» SUPPLIED ENTRIES:
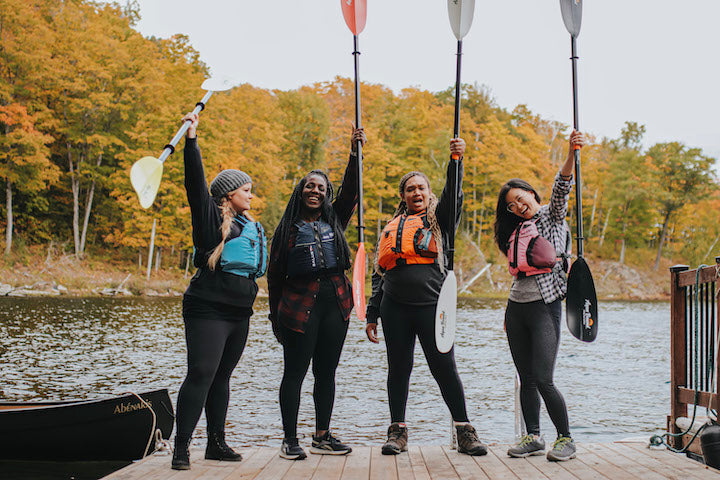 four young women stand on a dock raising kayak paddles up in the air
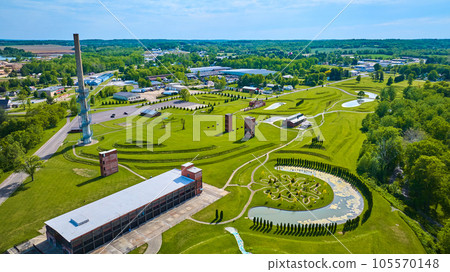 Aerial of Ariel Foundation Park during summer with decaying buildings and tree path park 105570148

==

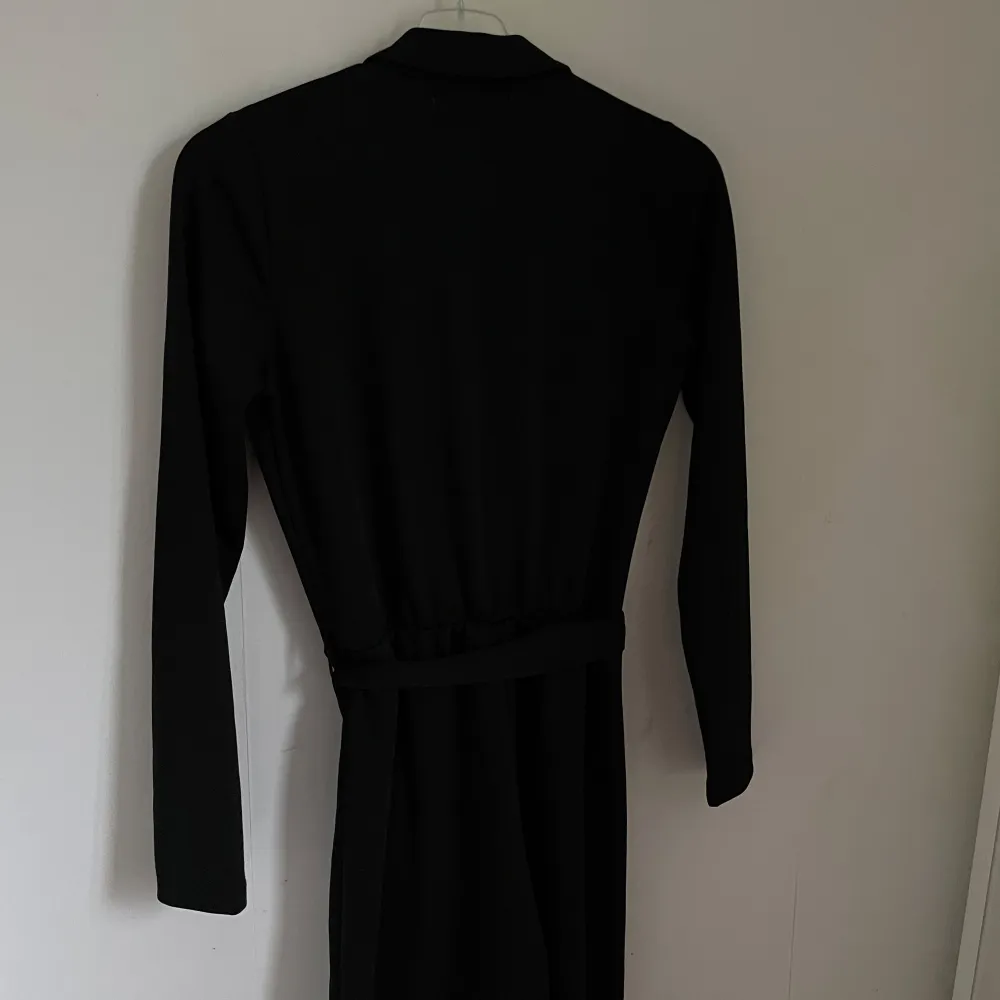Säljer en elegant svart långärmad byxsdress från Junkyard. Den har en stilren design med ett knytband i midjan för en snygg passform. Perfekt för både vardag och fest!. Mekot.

» WORK TO COMPLETE: In the listing above, find the line with "four young women" and the line with "Aerial of Ariel". Output both, plus every line between them, and no pictures.

» EXPECTED OUTPUT:
 four young women stand on a dock raising kayak paddles up in the air
 Aerial of Ariel Foundation Park during summer with decaying buildings and tree path park 105570148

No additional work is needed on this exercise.